## Description of the task
Please restate each line of the material word for word and omit any pictures.

## Data segment
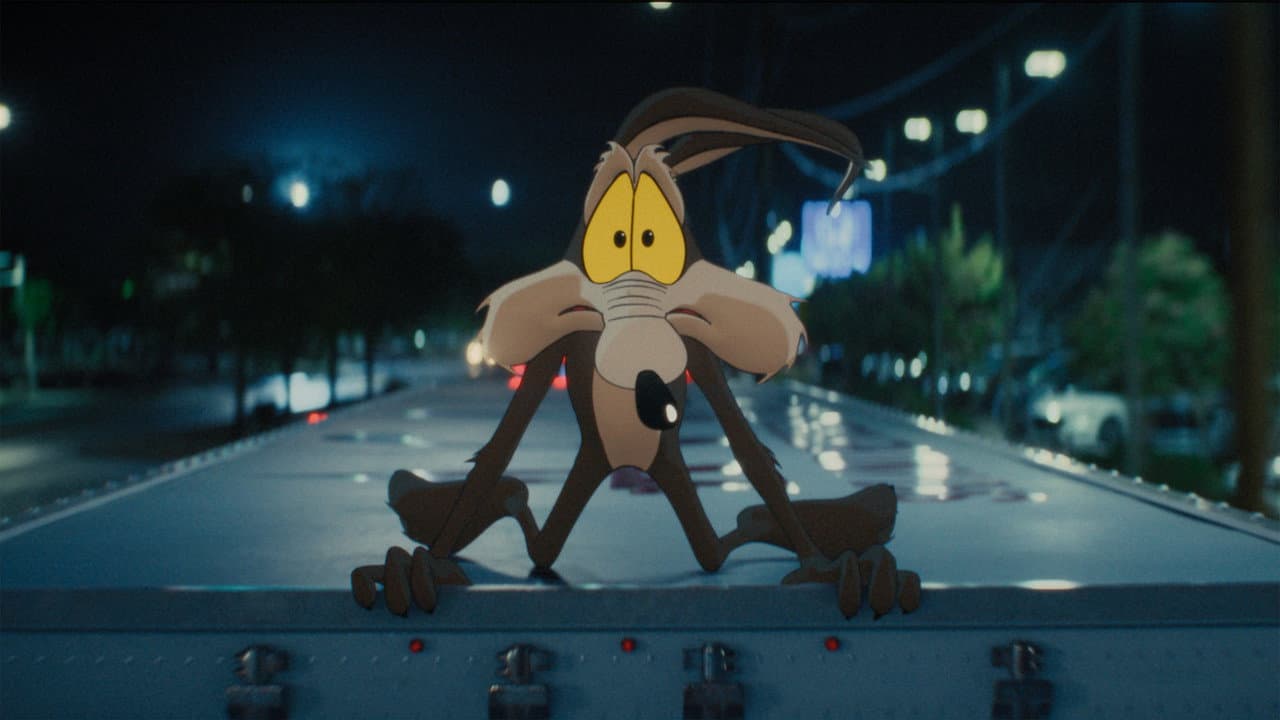 Coyote vs. Acme: Movie News & Updates still 4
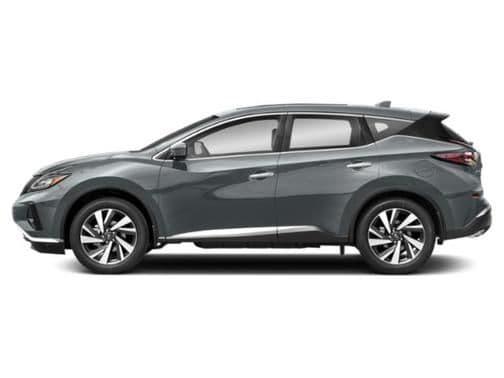 2023 nissan murano platinum 4dr all-wheel drive in cheyenne, wyoming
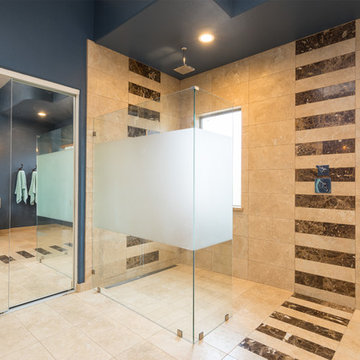 Four Peaks Way Bathroom Remodel
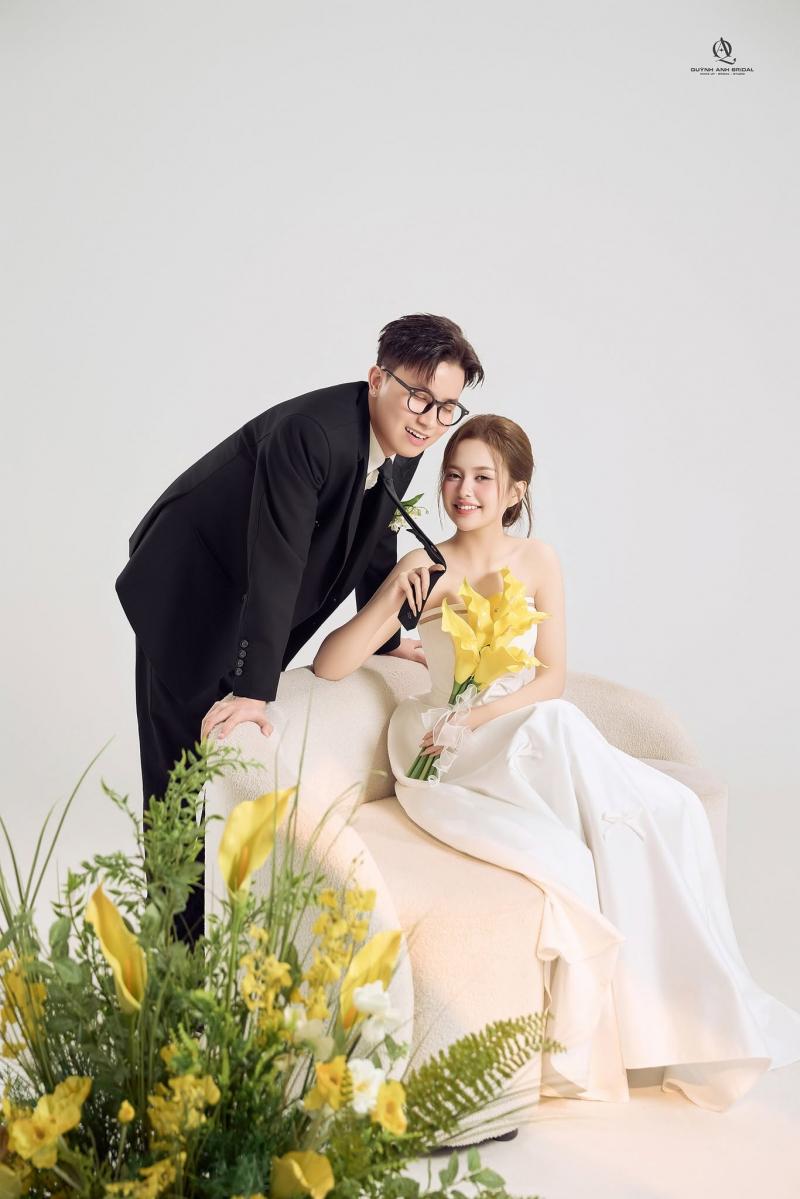 Quỳnh Anh Bridal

## Response for this exercise
 Coyote vs. Acme: Movie News & Updates still 4
 2023 nissan murano platinum 4dr all-wheel drive in cheyenne, wyoming
 Four Peaks Way Bathroom Remodel
 Quỳnh Anh Bridal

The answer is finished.